Source data
>>>>>

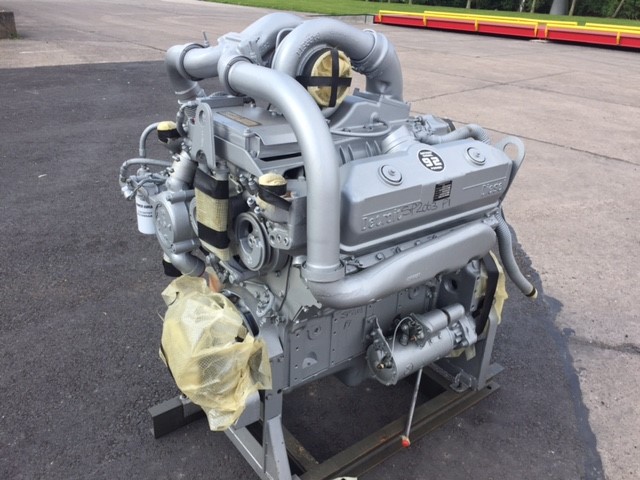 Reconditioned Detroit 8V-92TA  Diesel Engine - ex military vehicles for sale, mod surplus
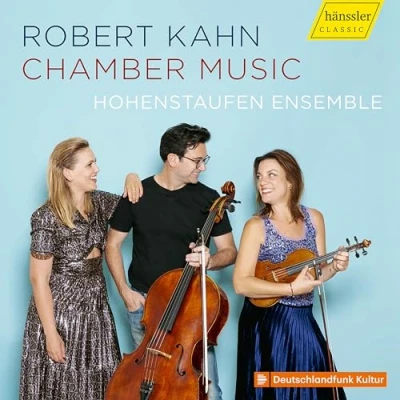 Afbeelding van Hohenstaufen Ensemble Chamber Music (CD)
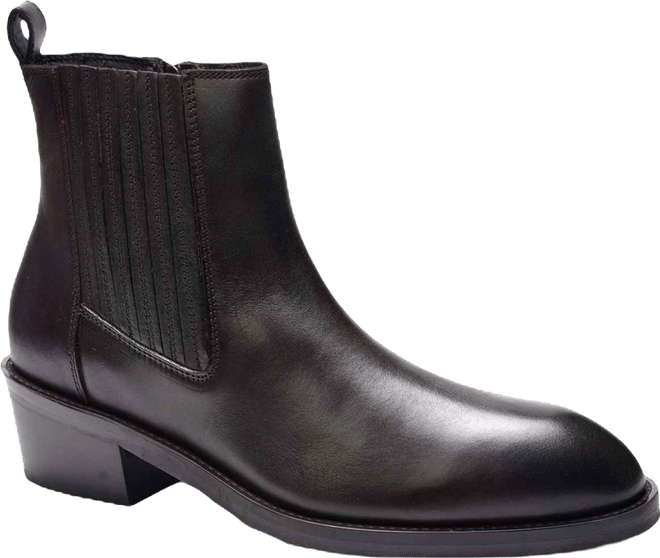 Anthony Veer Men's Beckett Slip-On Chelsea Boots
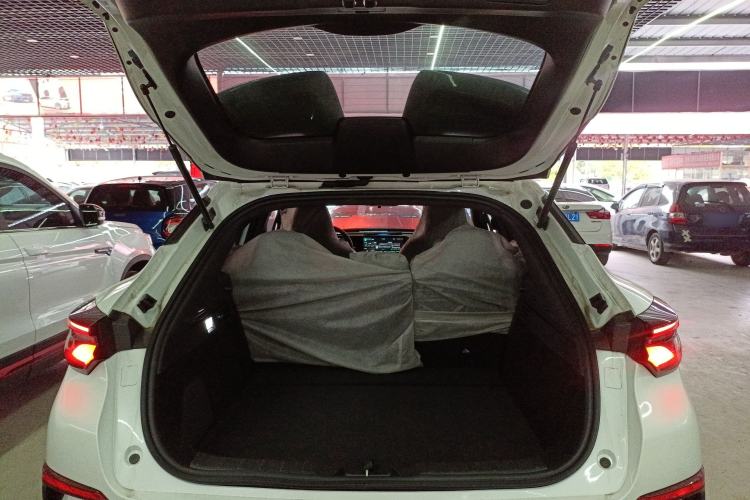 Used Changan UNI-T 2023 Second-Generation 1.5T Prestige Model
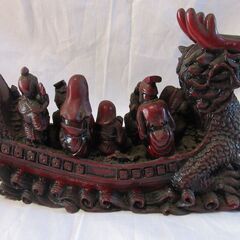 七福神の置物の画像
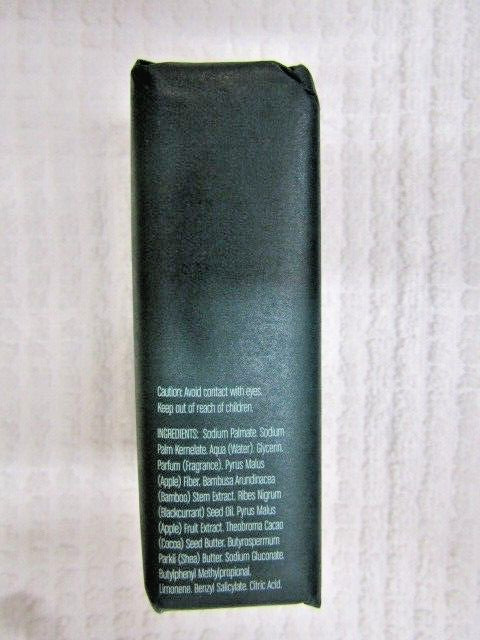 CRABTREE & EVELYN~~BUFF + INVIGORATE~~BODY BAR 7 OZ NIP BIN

<<<<<

■ **Assigned task**: The answer should match the data above word for word, with no pictures in it.

■ **Answer to this problem**:
 Reconditioned Detroit 8V-92TA  Diesel Engine - ex military vehicles for sale, mod surplus
 Afbeelding van Hohenstaufen Ensemble Chamber Music (CD)
 Anthony Veer Men's Beckett Slip-On Chelsea Boots
 Used Changan UNI-T 2023 Second-Generation 1.5T Prestige Model
 七福神の置物の画像
 CRABTREE & EVELYN~~BUFF + INVIGORATE~~BODY BAR 7 OZ NIP BIN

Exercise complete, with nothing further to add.